YOUR ASSIGNMENT: Please restate exactly the lines from the one holding "3131 South Liberty" to the end of the material, including both ends and excluding every picture.

DATA SHOWN:
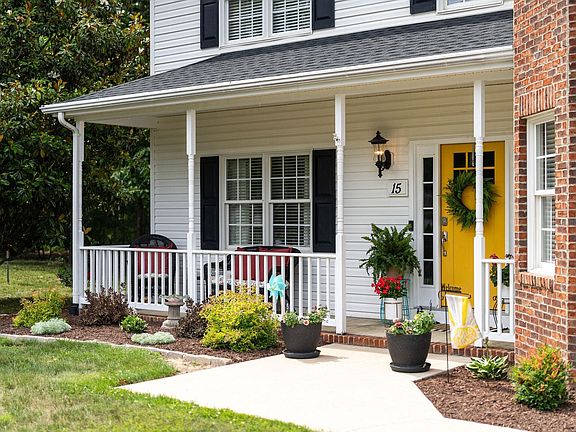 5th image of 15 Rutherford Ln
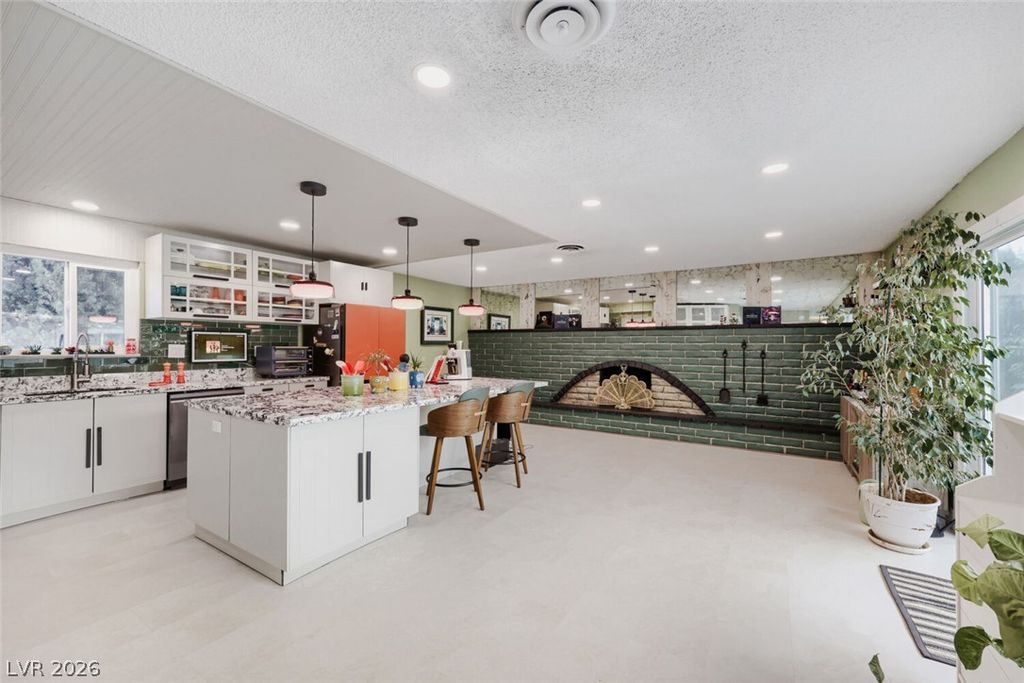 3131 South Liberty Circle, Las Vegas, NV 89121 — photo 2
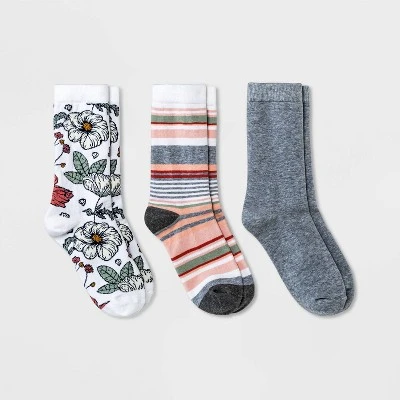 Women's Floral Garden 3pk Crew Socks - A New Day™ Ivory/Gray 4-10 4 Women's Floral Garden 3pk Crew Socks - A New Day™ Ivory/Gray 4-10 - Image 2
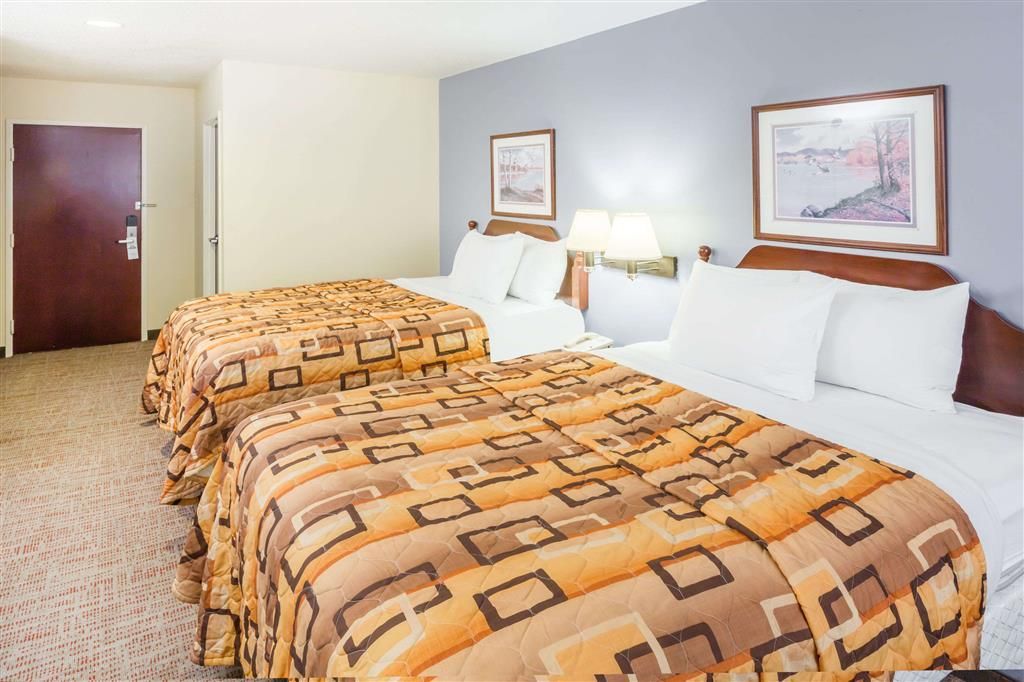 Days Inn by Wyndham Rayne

TASK RESPONSE:
 3131 South Liberty Circle, Las Vegas, NV 89121 — photo 2
 Women's Floral Garden 3pk Crew Socks - A New Day™ Ivory/Gray 4-10 4 Women's Floral Garden 3pk Crew Socks - A New Day™ Ivory/Gray 4-10 - Image 2
 Days Inn by Wyndham Rayne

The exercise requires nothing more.